The good start to the year seen in the van market is in stark comparison to a depressed company car market, which fell by 40% in January, with 35,291 fewer registrations compared to the same month last year.
Nevertheless, although growth is expected for the LCV sector in 2021, SMMT’s latest market outlook has been downgraded to reflect ongoing challenges.
The forecast predicts LCV registrations to rise 17.5% to 343,850 by year end, down from earlier predictions of 375,000 vehicles.
While nearly all van segments experienced a decline, larger vans weighing more than 2.5-3.5 tonnes saw 25.4% growth, which drove overall monthly figures out of the red.
Conversely, registrations of small vans weighing less than or equal to 2.0 tonnes halved (50.1%), the market for medium vans weighing more than 2.0-2.5 tonnes declined by 16.2% and demand for new pickups and 4x4s fell by 25.8% and 30.6% respectively.

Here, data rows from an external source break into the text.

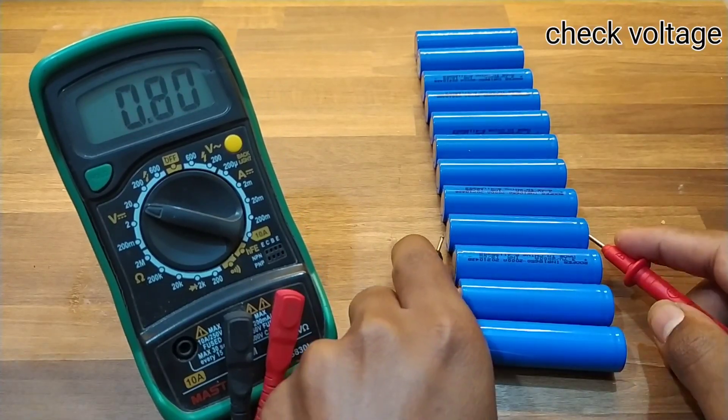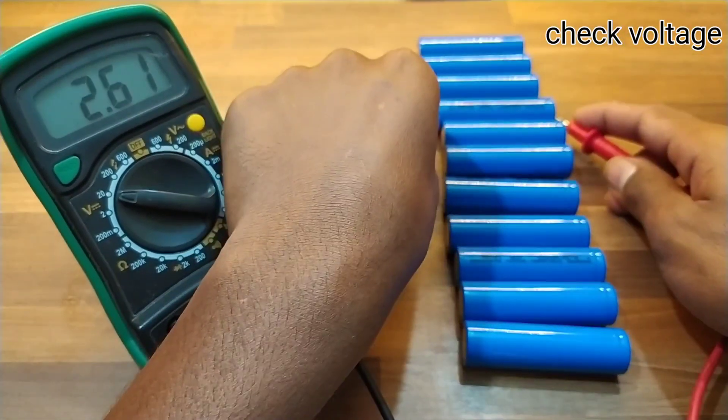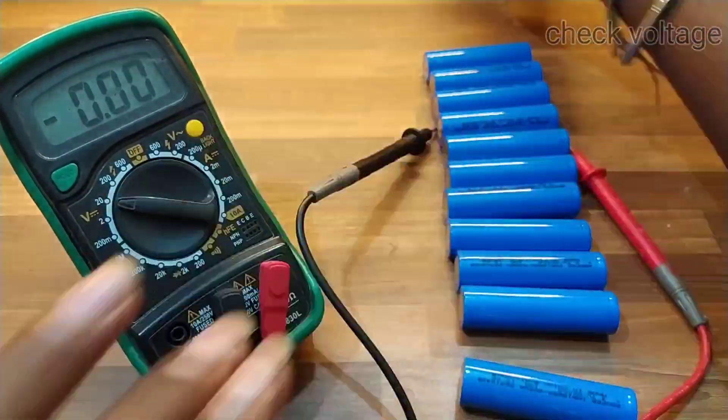Make sure that there should not be much voltage difference between each cell, which could seriously damage your battery pack.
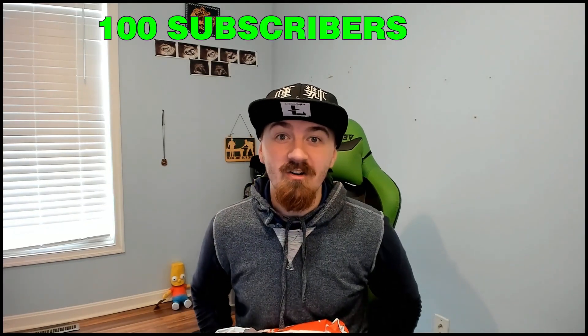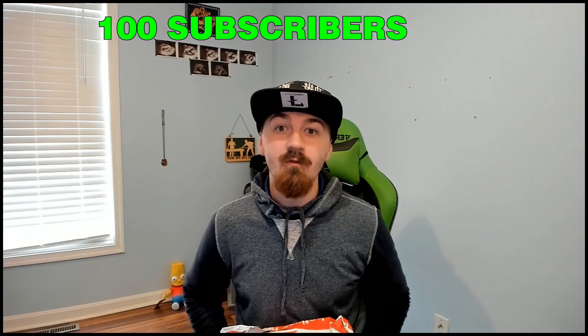We got merchandise! That's right, we finally hit 100 subscribers on YouTube, so thank you to everyone who supported us, subscribed, and helped the community grow. I am YoungYoko, this is YokoGaming, and this is Custom Inks — custom hoodies for YokoGaming.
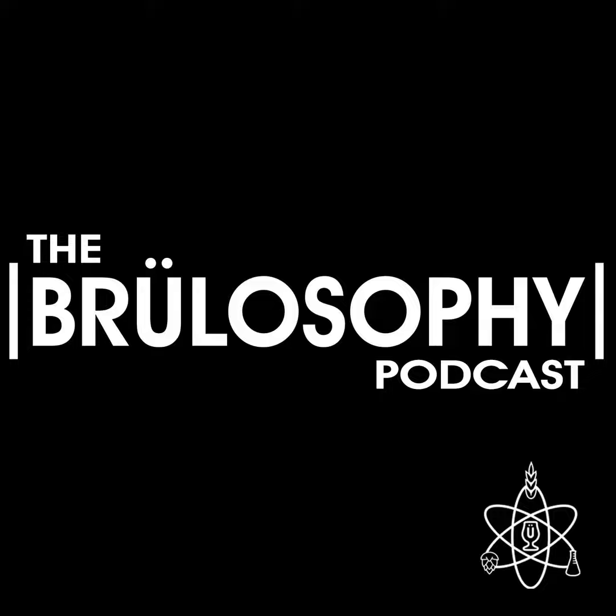Feedback is brought to you by Clawhammer Supply, who in addition to having a remarkable YouTube channel chock full of great brewing-related content, sell what we believe to be some of the best electric brewing systems on the market. If you've been considering making the move from propane to electric, you owe it to yourself to check out Clawhammer Supply. Whether you're after a 120-volt five-gallon unit or something bigger like their powerful 240-volt 10-gallon system, Clawhammer has got you covered at clawhammersupply.com.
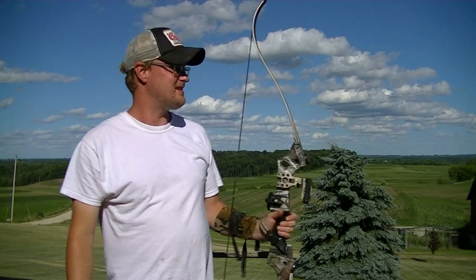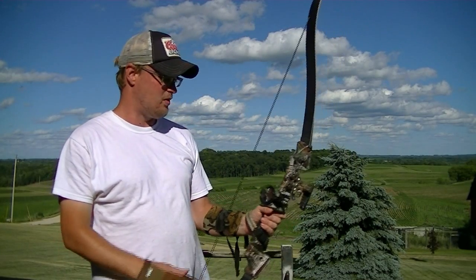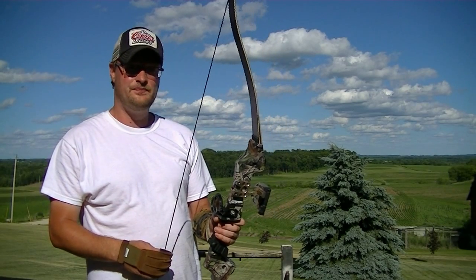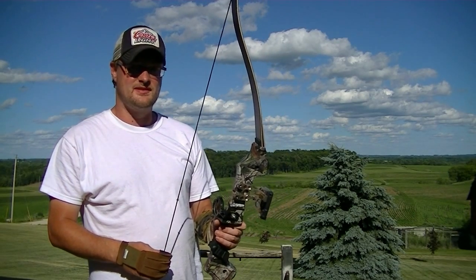Pretty good group I'd say, and I'm shooting a whisker biscuit, finger tabs, and a Cobra fiber optic adjustable sight, and it does pretty good.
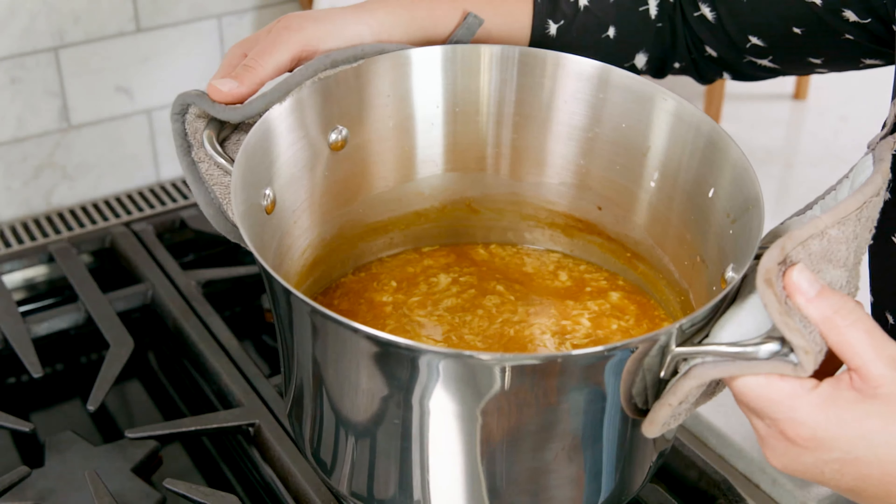Once all of that egg has been stirred in, remove that from the heat. Dish yourself up a bowl, garnish with some green onions, and then you are ready to eat.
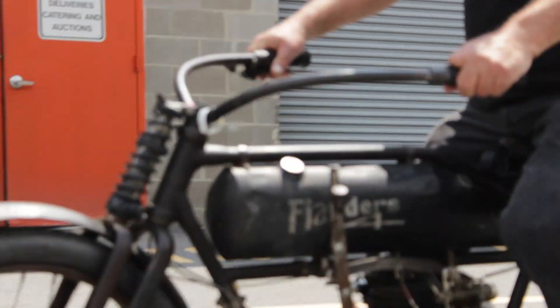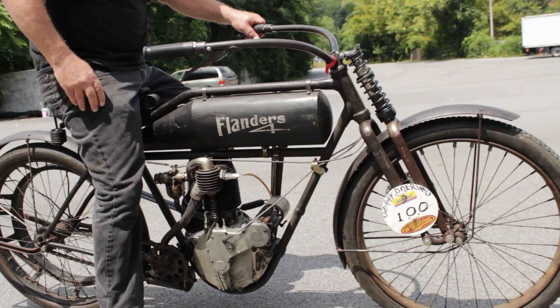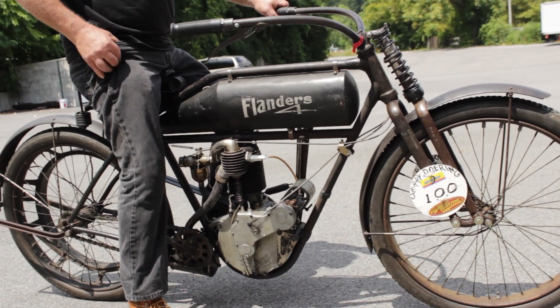Pretty much in the way of brakes, it just has a coaster brake. That's all it's got. It's a lot going.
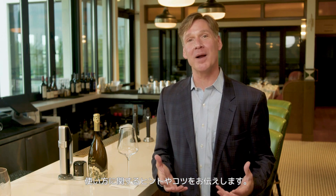Hi, I'm Greg Lambrecht, founder and inventor of Coravin, and I'm here to talk about some tips and tricks in the use of Coravin Sparkling in your restaurant or wine bar.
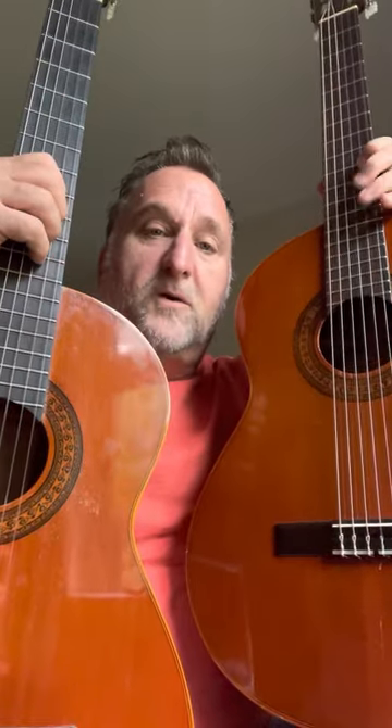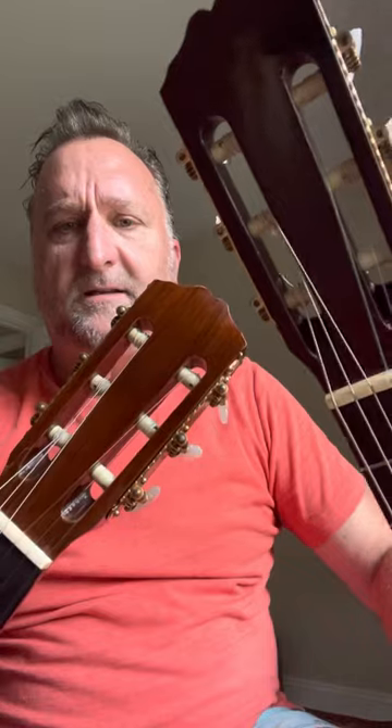The fingerboards are rosewood, the bridges are rosewood, and the tuning pegs are very similar as well. They have laminated rosewood on the top of the headstock. An interesting thing on the neck — they both have an ebony strip down the back, which you can see on both of them if you look closely in the light.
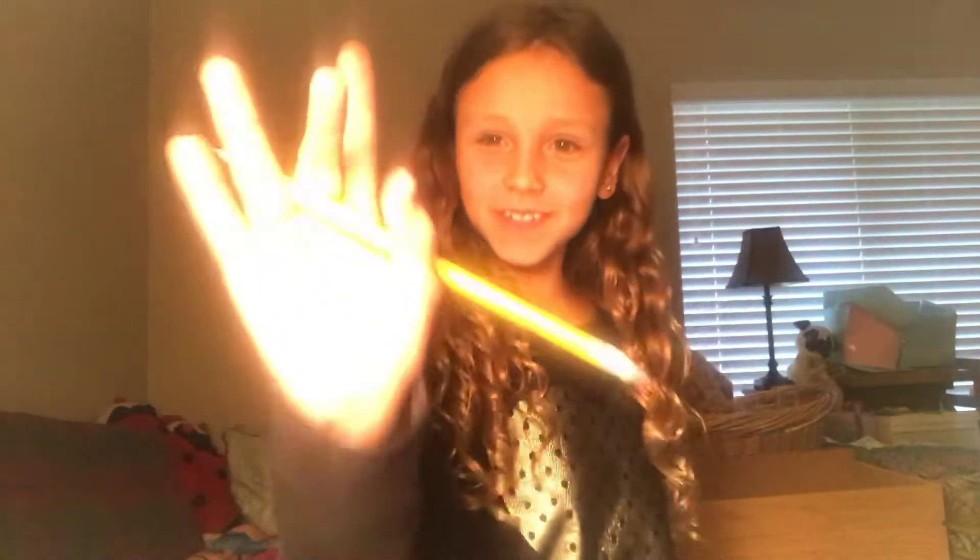Hey guys, today I'm going to be showing you some school life hacks. The first one is a rainbow highlighter. Before you do that, go check out my other video on Charlie Charlie and go subscribe, press that thumbs up. Let's get on with the video.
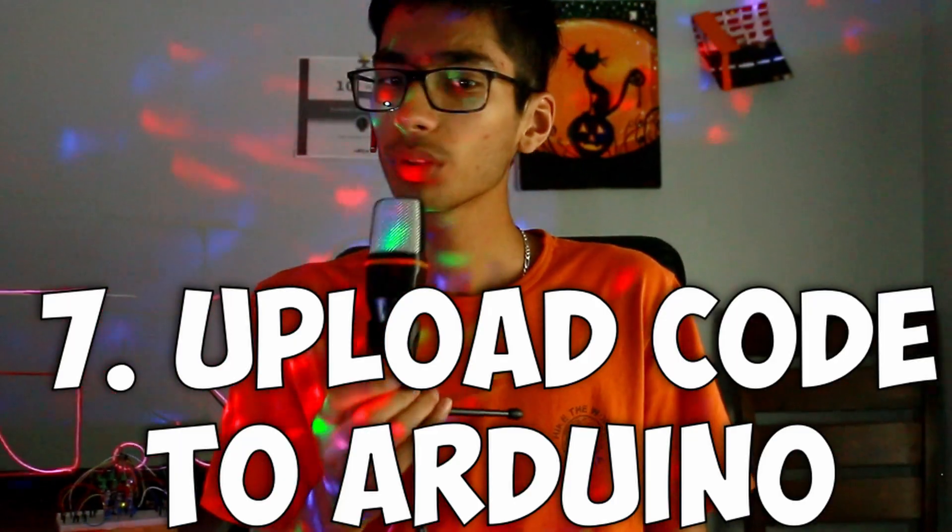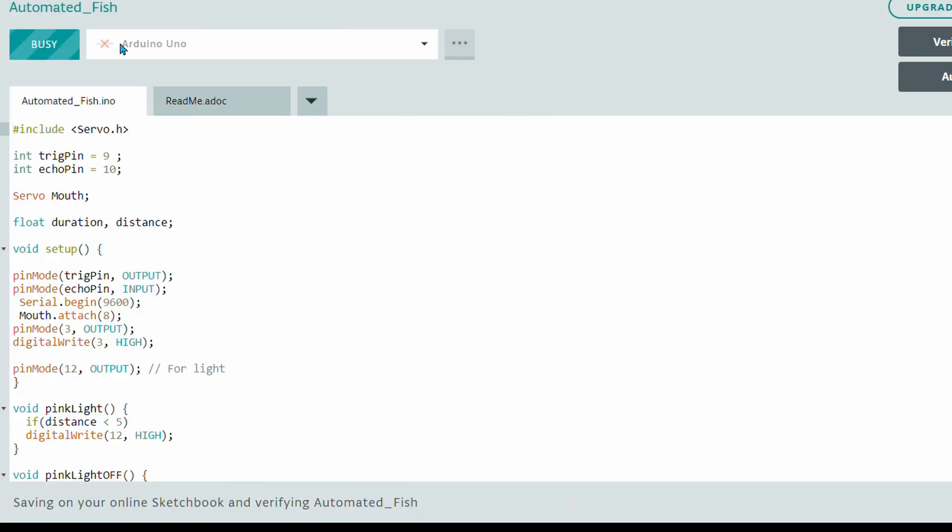You can upload code to Arduino infinite times — no, you can only upload code to Arduino around 10,000 times. So do not make a small adjustment to the code and send it over and over to the Arduino, because you are limiting the available write cycles.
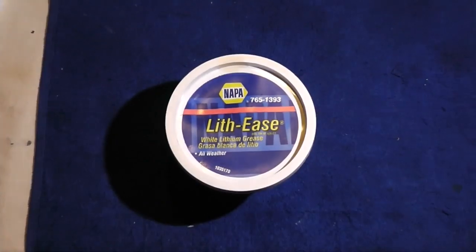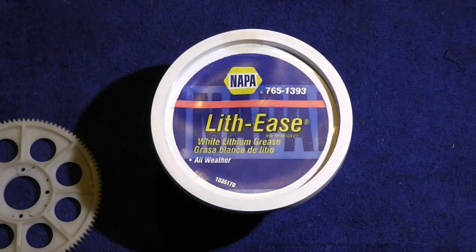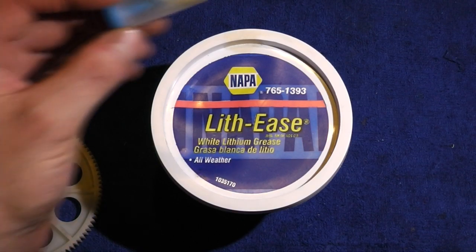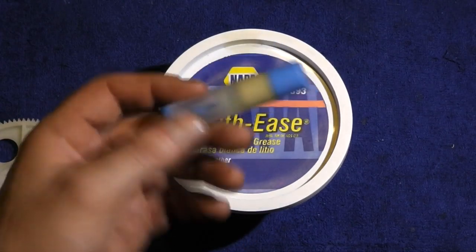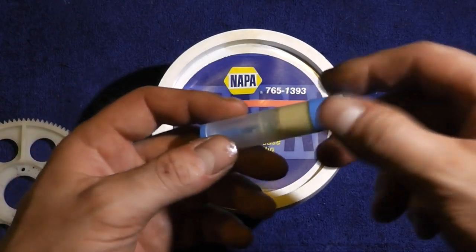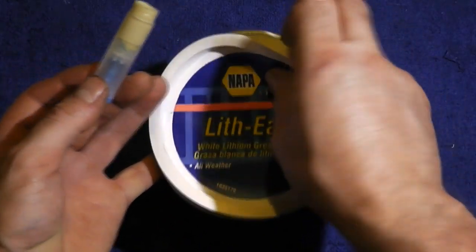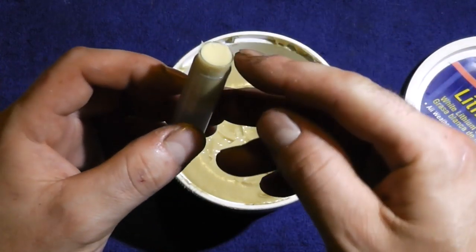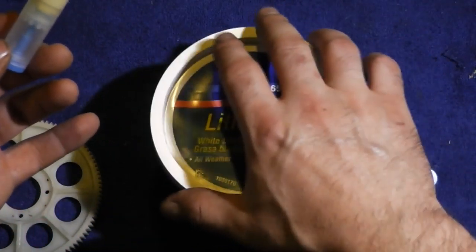On to the lithium grease. It comes in a pretty large container, so I'm not putting that in my flight box. My daughter uses a lot of lip glosses and chapsticks — here's an empty one. Instead of tossing it away, I took the lithium grease, pulled the plunger back as far as it would go, and just packed it with grease. It only took a minute and now I don't have to carry that big container around.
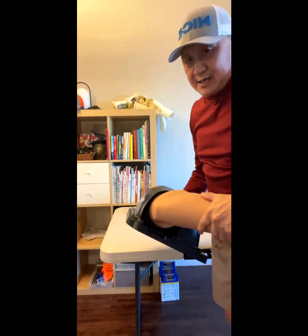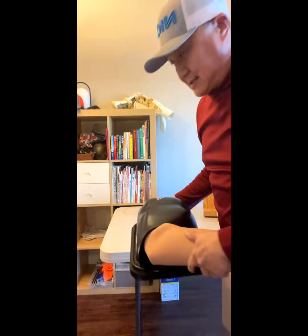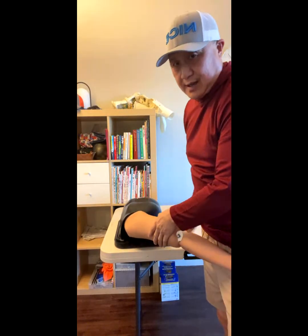It has skin on it so you cannot see what's going on inside, but it's dislocated — anterior.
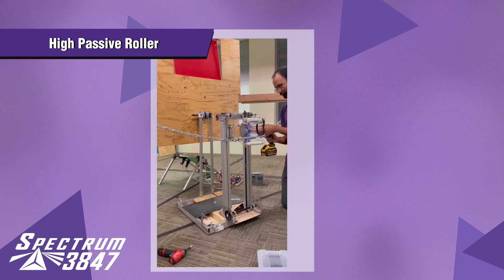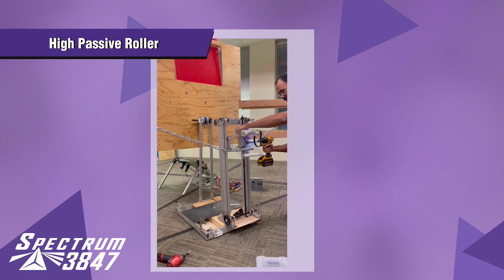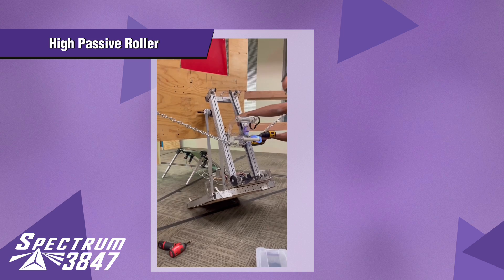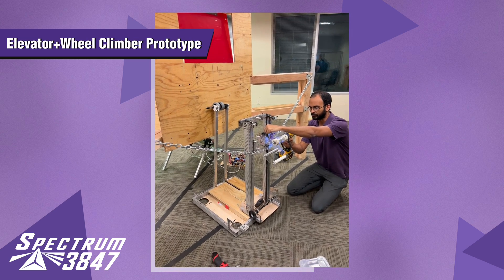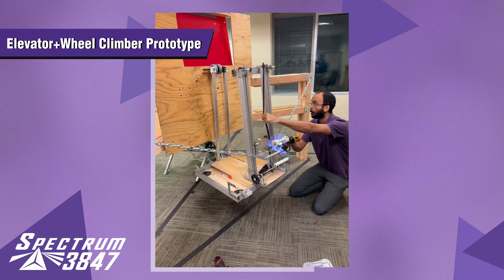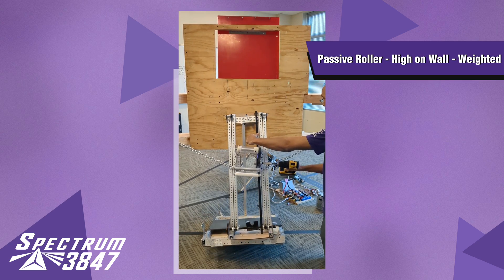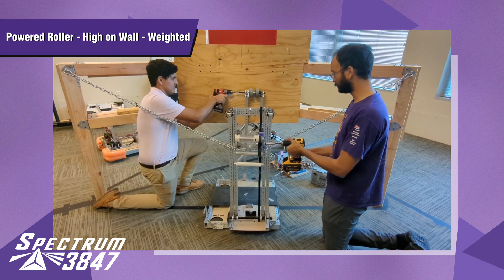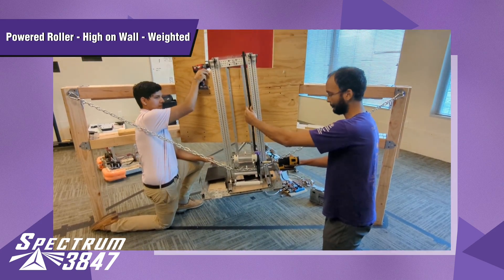We put the elevator in. Let's see how bad this is, it's gonna be pretty rough. It does go up — I got it. All right, second try, let's see if it was a fluke the first time. All right, cool.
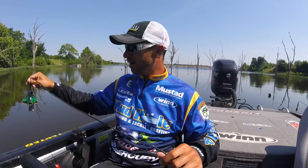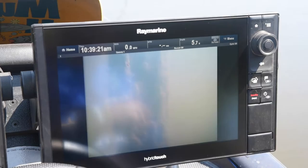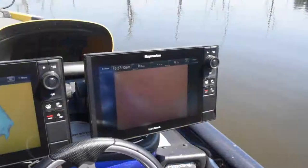I can sit here and look at my graph and see what the camera sees. If I find a school of fish and I'm not real sure what they are, I drop this camera down and I can find out.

Mike Hawes, chief executive of the SMMT, said: “January’s figures are welcome news, particularly after the difficult past year.
“Although one month’s performance does not full recovery make, the future must involve measures that can deliver long-term changes for the sector if we are to meet ambitious targets and address both climate change and air quality goals.
“The fastest way to do this is by encouraging uptake of the latest low emission vehicles, regardless of fuel type, and business confidence remains vital for this transition.”
Latest SMMT analysis reveals that 2020 recorded the lowest figure for average CO2 emissions derived from LCVs, down 1.8% on 2019 to 162.8g/km.
January 2021 saw a rise of low emission LCVs, with battery electric vehicle (BEV) market share rising to 2.22% with 533 battery plug-in vans joining UK roads.
Meanwhile, 96.4% of all new vehicles registered are powered by diesel, with fleet renewal to the latest Euro standard technologies crucial for a sustainable transition for the sector.
As CO2 emissions targets shift from EU-wide to UK-only from 2021 and demand for heavier vehicles continues to grow, reaching net zero ambitions will depend on creating the right conditions to boost operator confidence.
Sue Robinson, chief executive of the National Franchised Dealers Association (NFDA), which represents franchised commercial vehicle dealers in the UK, said: “These figures indicate a healthy economy and dealers are optimistic about the 2021 LCV market, however there are concerns around consumer confidence, the length of the lockdown and vehicle supply constraints that may hold the market back in the first quarter of this year.”